Channel 17 Sunday at 2:00 p.m. February 2, 2001 |
Andrea Barrett received the National Book Award in 1996 for Ship Fever, a collection of shorts stories. Barrett's new novel The Voyage of the Narwhal (1998) is a story of Arctic exploration set in 1855. A ship sails from Philadelphia in search of another lost expedition and encounters wild beauty and terrible danger in the remote North. Barrett adds an often overlooked dimension to the adventure: the women left behind by members of the crew provide a good portion of the novel's interest as they cope with anxiety, resentment, an abandonment.
Writer Thomas Mallon says, [Barrett's] 'Voyage' is a brilliant reversal of 'Heart of Darkness': the danger is not that the characters will 'go native,' but that a lust for scientific knowledge and intellectual distinction will drive them to cruelties they would have been incapable of before." |
Barrett is the author of four previous novels, including The Forms of Water (1993), The Middle Kingdom (1991), Secret Harmonies (1989) and Lucid Starts (1998).
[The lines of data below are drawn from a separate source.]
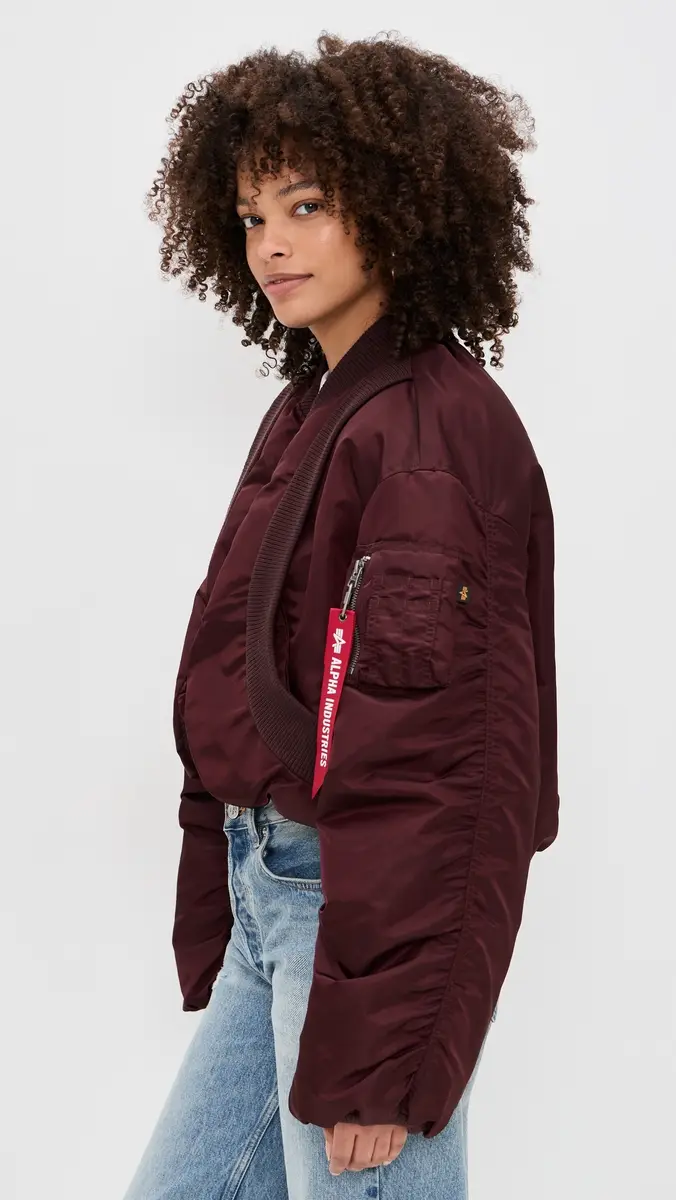 Alpha Industries Ma-1 Knit Rib Flight Jacket | Thumbnail 4 Alpha Industries Ma-1 Knit Rib Flight Jacket | Thumbnail 4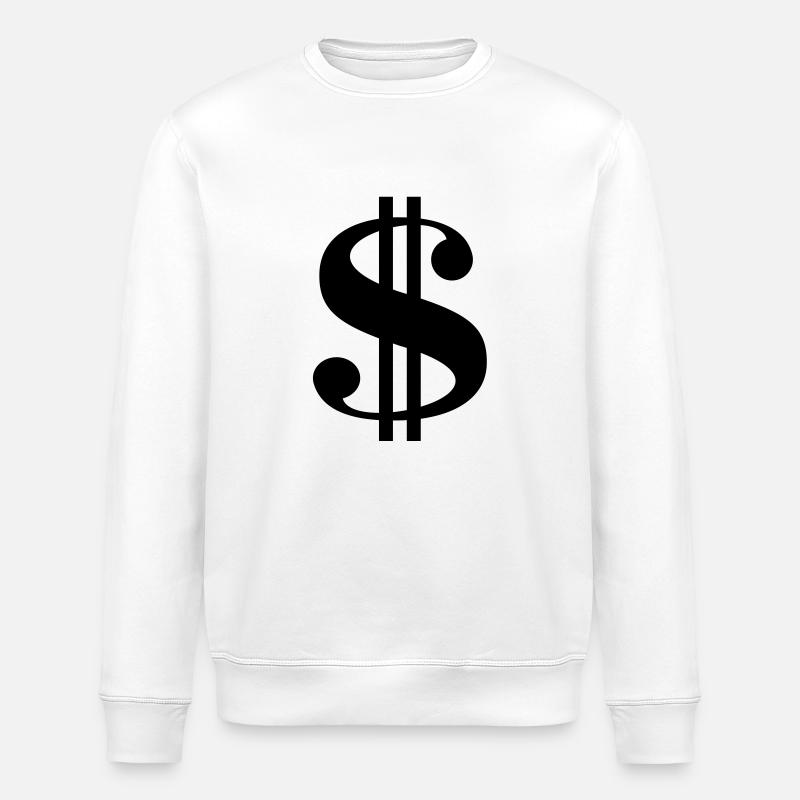 Dollar__V001 - Sweat bio ROLLER Stanley/Stella Unisexe - blanc
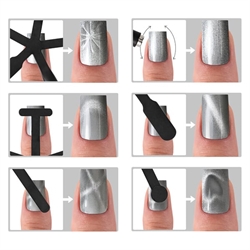 No. 180, Pastel Orange Cat Eye Gelpolish, Molly Nails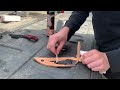 Making a luxury hunting knife (satisfying/relaxing build)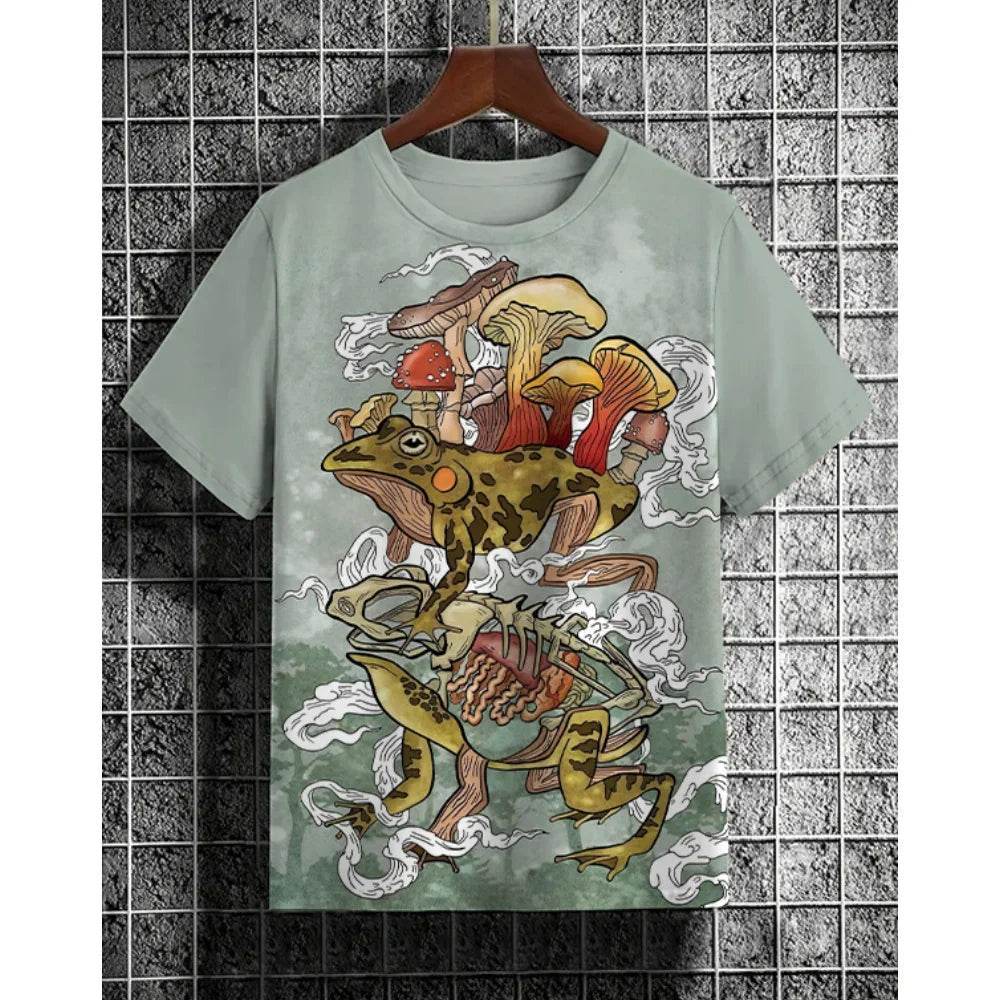Ukiyo-e Sea Wave Cat T-Shirt - 3D Print Japanese Samurai Graphic Tee - Buy Center US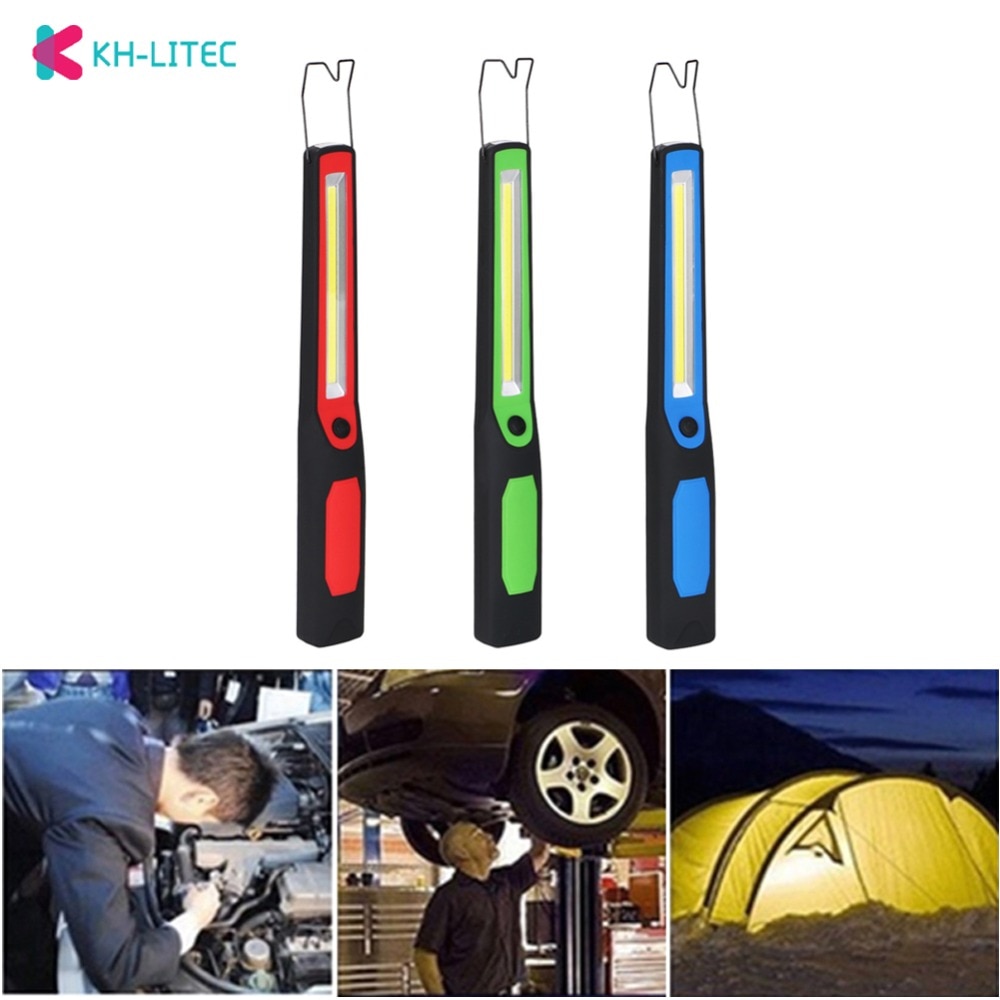Luz LED de trabajo recargable por USB para coche, lámpara de emergencia de reparación magnética COB, linterna portátil para acampar, lámpara de gancho colgante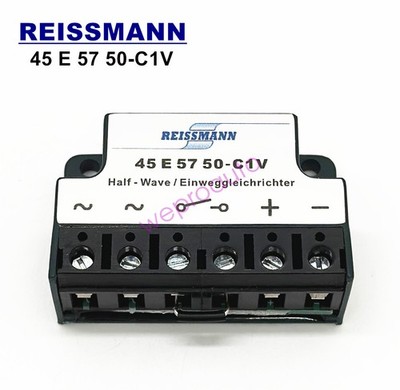 REISSMANN 45 E 57 50-C1V Half Wave Einweggleichrichter brake Rectifier module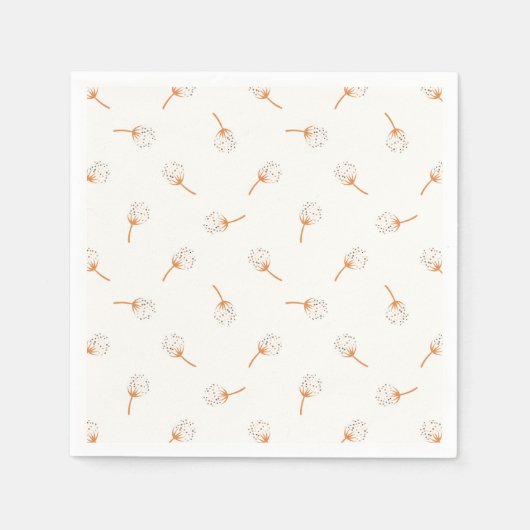 Cute Polka Dot Flower Pattern Servet (Voorkant)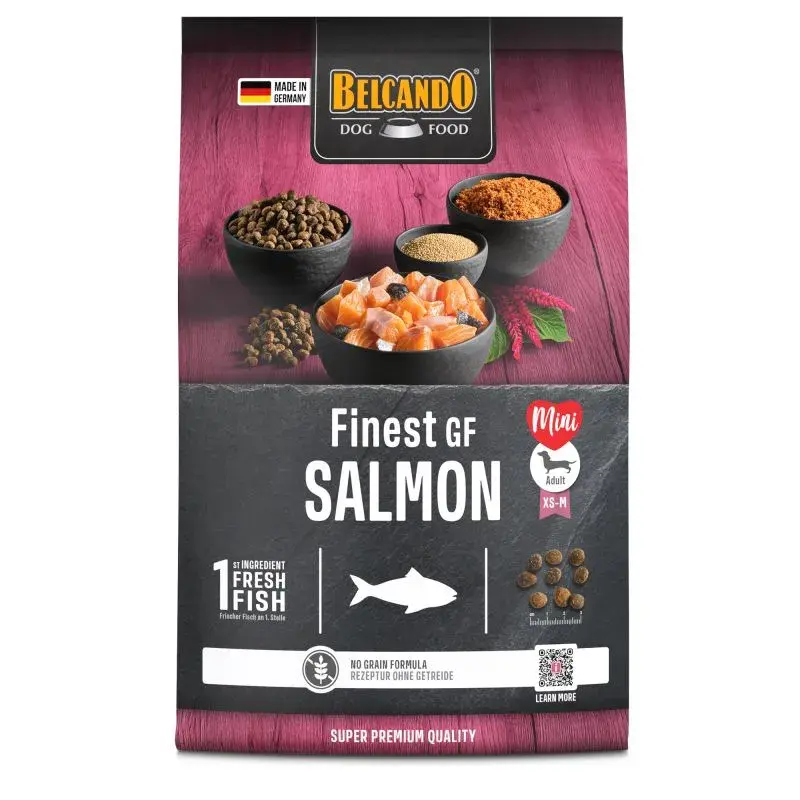 BELCANDO FINEST GRAIN-FREE SALMON (4 кг) с лососем беззерновой для взр. собак мелких пород   - фото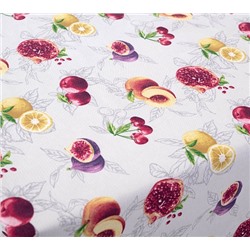 Скатерть рогожка / Спелые фрукты 1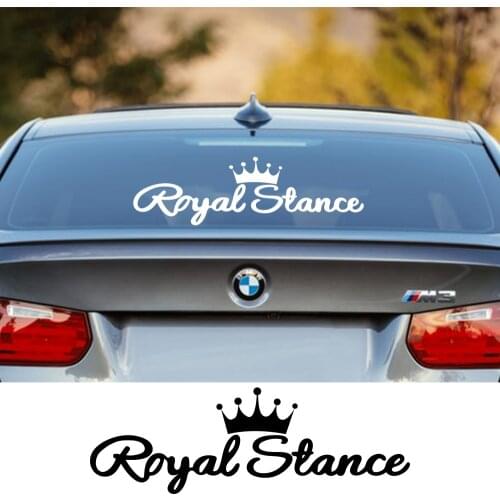 Car Stickers Windshield Window Royal Stance Auto Vinyl Film DIY Decal Automobile Sport Styling Decoration Car Tuning Accessories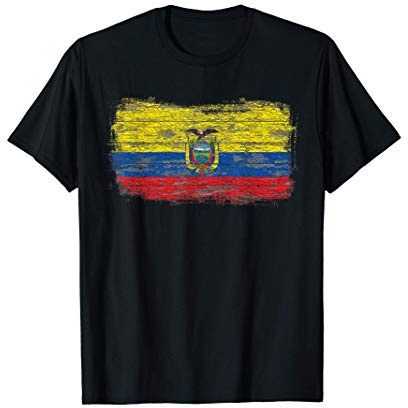 Ecuador bandiera nazionale rustica Maglietta
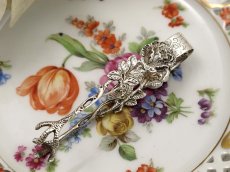 画像1: 純銀(835)　薔薇のシュガートング (1)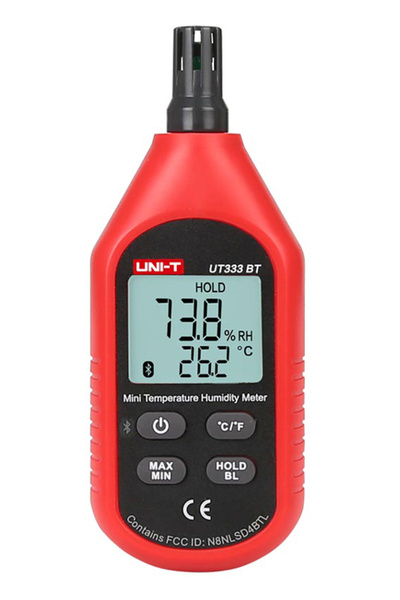 OEM UNI-T ψηφιακό θερμόμετρο & υγρασιόμετρο UT333BT, Bluetooth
The New York Times Book Review said of Ship Fever "[Barrett's] work stands out for its sheer intelligence. . .The overall effect is quietly dazzling." "In Barrett's hands," said the Boston Globe, "science is transformed from hard and known fact into malleable, strange and thrilling fictional material." The collection was chosen by the New York Public Library as one of the "25 Best Books" of 1996.
Barrett attended Union College in Schenectady and teaches in the MFA Program for Writers at Warren Wilson College.
Andrea Barrett visited the NYS Writers Institute on October 13, 1998.